Se acepta generalmente que el primer exponente de la doctrina sufí fue el egipcio o nubio Dhu n-Nun (fallecido en 245-246), discípulo del jurista Malik b. 'Anas, que vivió en una época en la que la influencia helenística se extendía con fuerza al mundo islámico. De hecho, fue casi contemporáneo de 'Abdullah, hijo de Maymum, cuya obra ya hemos mencionado. La enseñanza de Dhu n-Nun fue recogida y sistematizada por al-Junayd de Bagdad (fallecido en 297), y en ella aparece la doctrina esencial del sufismo, como de todo misticismo, en la enseñanza del tawhid, la unión final del alma con Dios, doctrina que se expresa de una manera muy parecida a la enseñanza neoplatónica, salvo que en el sufismo el medio [p. 192] por el cual se alcanza esta unión no es el ejercicio de la facultad intuitiva de la razón, sino la piedad y la devoción. Sin embargo, ambos se aproximan mucho cuando encontramos en las enseñanzas de los filósofos posteriores que el ejercicio más elevado de la razón consiste en la aprehensión intuitiva de las verdades eternas más que en cualquier otra actividad del intelecto. Jami afirma que Al-Junayd era persa, y es principalmente en manos persas donde las doctrinas del sufismo se desarrollan y se orientan hacia el panteísmo. Tanto el agnosticismo como el panteísmo están presentes prácticamente en el neoplatonismo posterior; el agnosticismo en lo que respecta a la Primera Causa incognoscible, el Dios del Intelecto Agente es una emanación, una doctrina que se desarrolla en la enseñanza de los filósofos y de los ismailitas y sectas afines; pero la enseñanza sufí centra su atención en el Dios cognoscible, que el filósofo describiría como el Intelecto Agente o Logos, y esto se desarrolla más habitualmente en una dirección panteísta. Las doctrinas así desarrolladas y expresadas por al-Junayd fueron predicadas con valentía por su alumno, ash-Shibli de Kurasan (m. 335).

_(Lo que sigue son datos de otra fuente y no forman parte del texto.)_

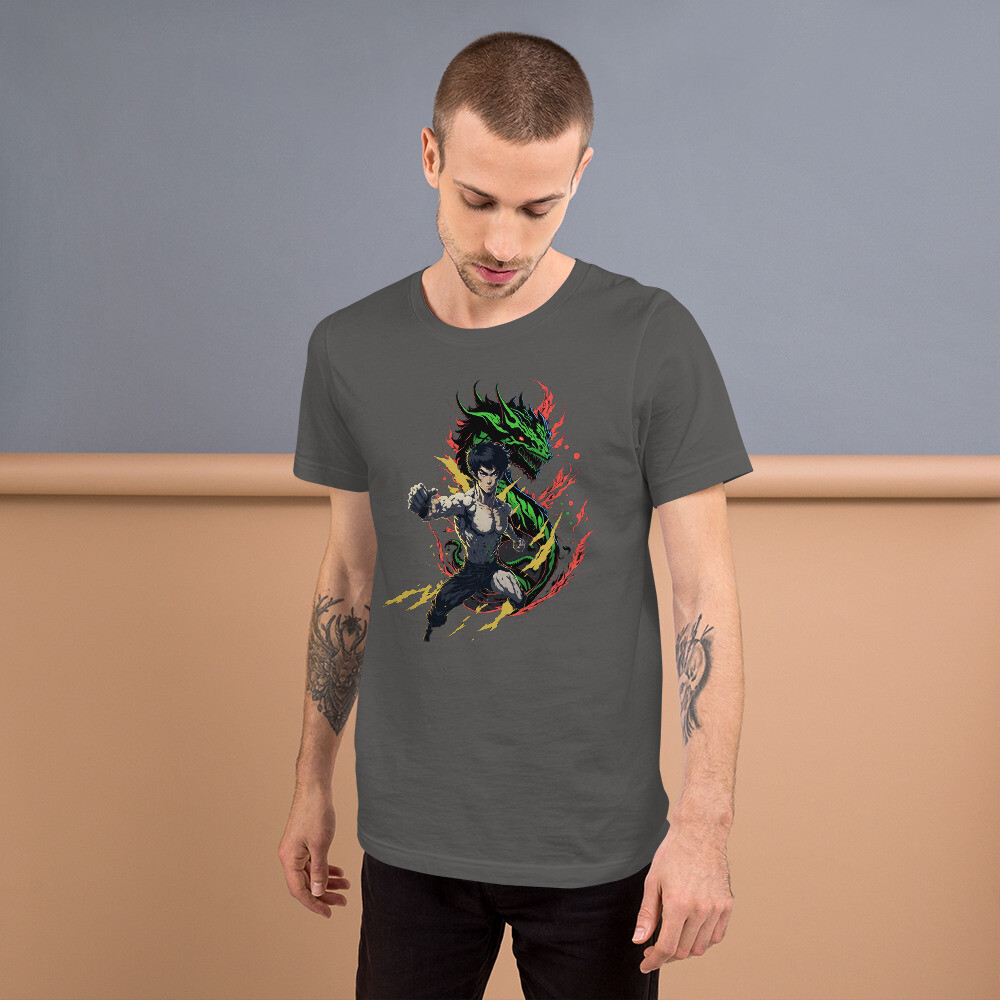 Bruce Lee Anime Dragon Unisex t-shirt gallery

Al-Husayn ibn Mansur al-Hallaj (fallecido en 309) fue un compañero de estudios de Ash-Shibli y muestra al sufismo aliado con elementos extremadamente heterodoxos. Era de ascendencia zoroastriana y mantenía estrechos vínculos con los karmatitas, y parece haber mantenido las doctrinas que suelen asociarse con los ghulat o chiítas extremos, como la transmigración, la encarnación, etc. Fue condenado a muerte por hereje [p. 193] por declarar «Yo soy la verdad», identificándose así con Dios. Los relatos que se dan sobre él muestran grandes diferencias de opinión: en su mayoría, los historiadores anteriores, que abordan el tema desde un punto de vista ortodoxo, lo representan como un astuto mago que mediante supuestos milagros ganó un número de adeptos, pero los escritores sufíes posteriores lo consideran un santo y mártir que sufrió porque reveló el gran secreto de la unión entre el alma y Dios. La doctrina del hulul, o la encarnación de Dios en el cuerpo humano, era uno de los principios cardinales del ghulat. Según al-Hallaj, el hombre es esencialmente divino porque fue creado por Dios a su propia imagen, y es por eso que, en el Corán 2, 32, Dios ordena a los ángeles que adoren a Adán. En el hulul, que se considera un tawhid que tiene lugar en esta vida presente, la deidad de Dios entra en el alma humana de la misma manera que el alma al nacer entra en el cuerpo. Esta enseñanza es una fusión de las antiguas creencias persas preislámicas sobre la encarnación y las teorías filosóficas del neoplatonismo, del Intelecto o alma racional o espíritu, como lo llaman más comúnmente los escritores ingleses, la parte añadida al alma animal como una emanación del Intelecto Agente, al que finalmente regresará y con el que se unirá (cf. Massignon: Kitab al-Tawasin, París, 1913). Esta es una ilustración sumamente interesante de la fusión de elementos orientales y helenísticos en el sufismo, y muestra que las doctrinas teóricas del sufismo, independientemente de lo que hayan tomado de Persia y la India, reciben sus hipótesis interpretativas del [p. 194] neoplatonismo. También es interesante porque muestra en la persona de al-Hallaj un punto de encuentro entre el sufí y el filósofo de la escuela ismailita.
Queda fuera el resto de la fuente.